--- Records to use Enclosed Below ---
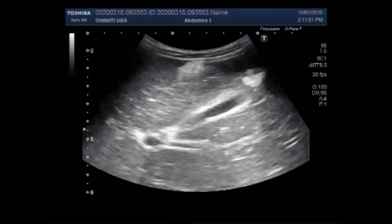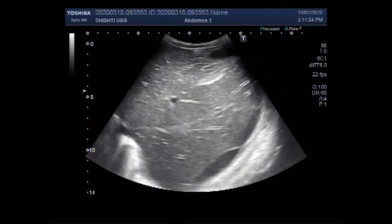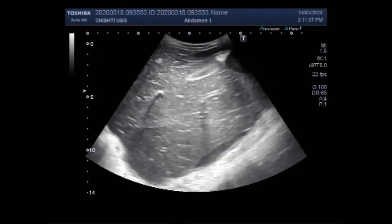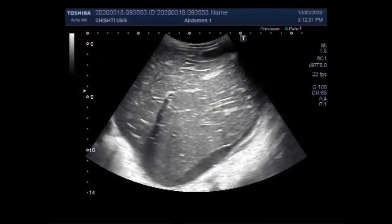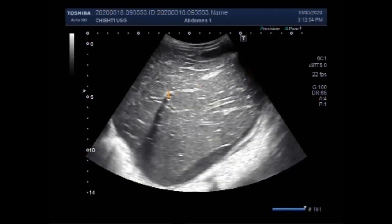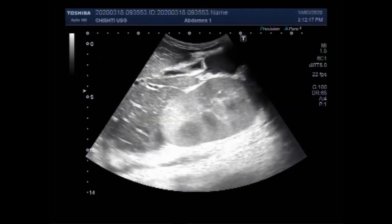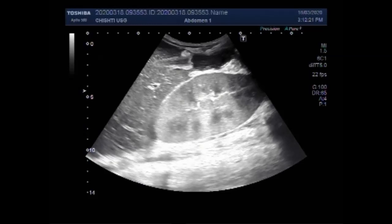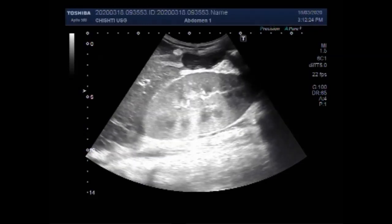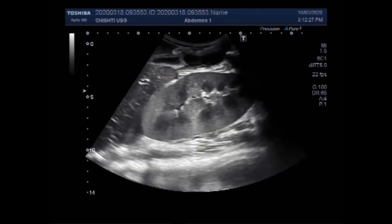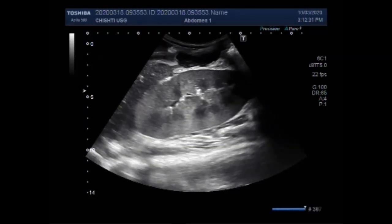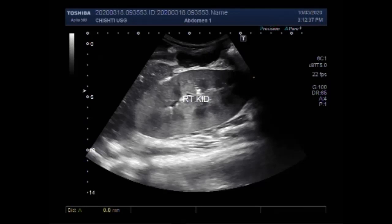This ultrasound video shows scanning of a female patient aged about 11 years, showing one kidney shrunken and the other showing compensatory hypertrophy. You can see the liver. Incidentally, this patient was also suffering from intestinal obstruction. You can see the liver, gallbladder, and the right kidney. Considering the age of the patient, the size of this kidney is enlarged, showing compensatory hypertrophy.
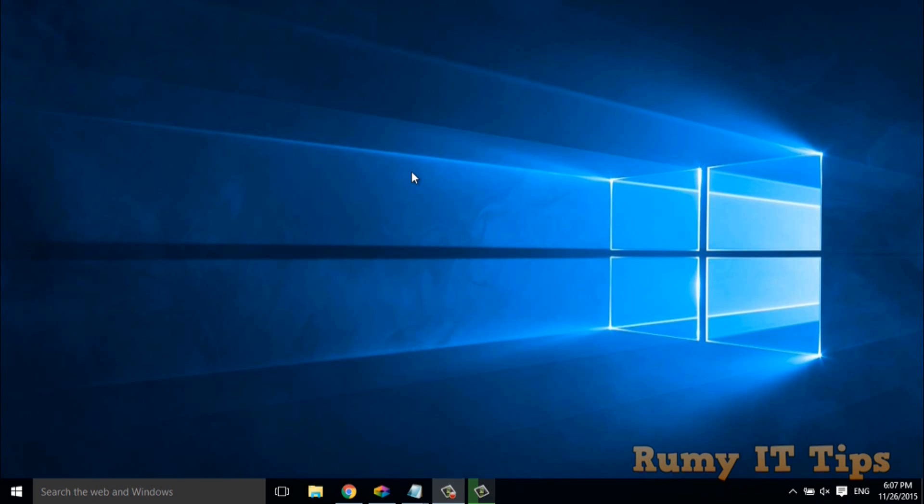In this video, I will show you how you can find out the Windows 10 System Uptime and I am going to show you three methods. So first method is the graphical interface.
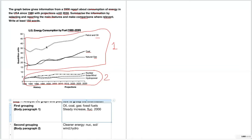Notice how our strategy was the same even though the graphs and two examples were quite different. Excellent job today with our two very different examples of line graphs. Let's wrap up with some do's and don'ts.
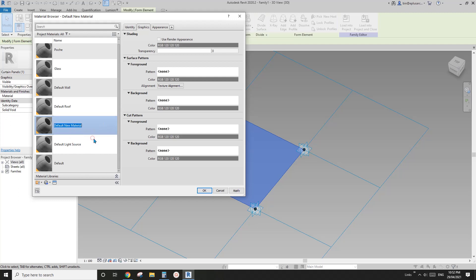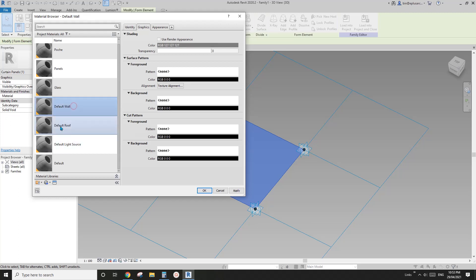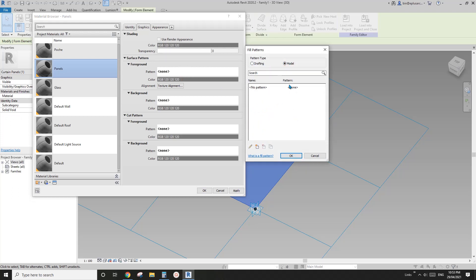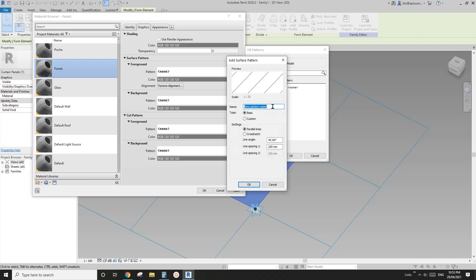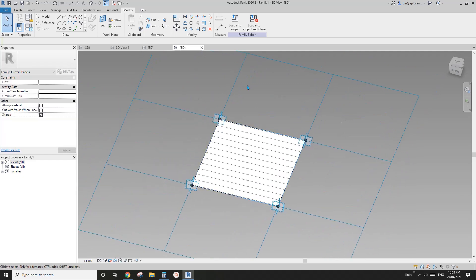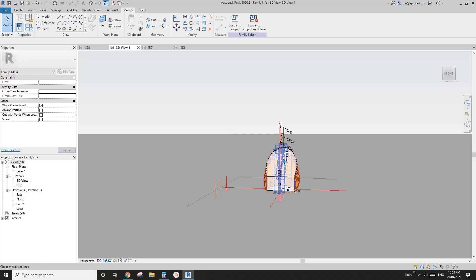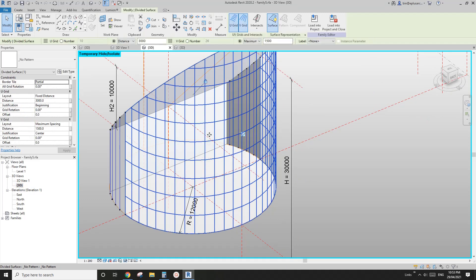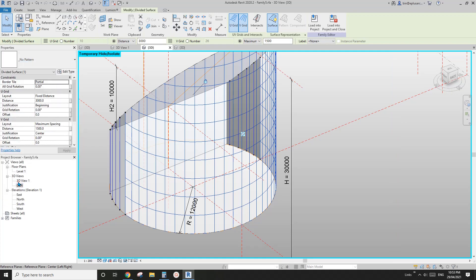Instead of creating a louvre family or complicated panels, I'll just use some surface pattern. Let's create one - I'll use 200 horizontal. Let's call it 'panels'. That's it. Now I'm going to load this into that family, then go back to the 3D view, select the divided surface, and change the pattern to that family.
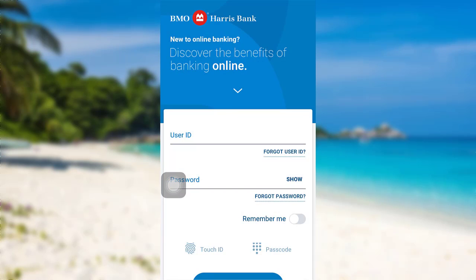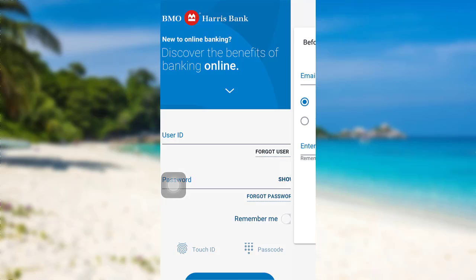First of all, open the app BMO Harris. After that, tap on the option Forgot User ID.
--- End of Enclosed Records to use ---
To do —
For the data above, return an exact copy that contains no pictures.

Output for this task —
This ultrasound video shows scanning of a female patient aged about 11 years, showing one kidney shrunken and the other showing compensatory hypertrophy. You can see the liver. Incidentally, this patient was also suffering from intestinal obstruction. You can see the liver, gallbladder, and the right kidney. Considering the age of the patient, the size of this kidney is enlarged, showing compensatory hypertrophy.
In this video, I will show you how you can find out the Windows 10 System Uptime and I am going to show you three methods. So first method is the graphical interface.
Notice how our strategy was the same even though the graphs and two examples were quite different. Excellent job today with our two very different examples of line graphs. Let's wrap up with some do's and don'ts.
Instead of creating a louvre family or complicated panels, I'll just use some surface pattern. Let's create one - I'll use 200 horizontal. Let's call it 'panels'. That's it. Now I'm going to load this into that family, then go back to the 3D view, select the divided surface, and change the pattern to that family.
First of all, open the app BMO Harris. After that, tap on the option Forgot User ID.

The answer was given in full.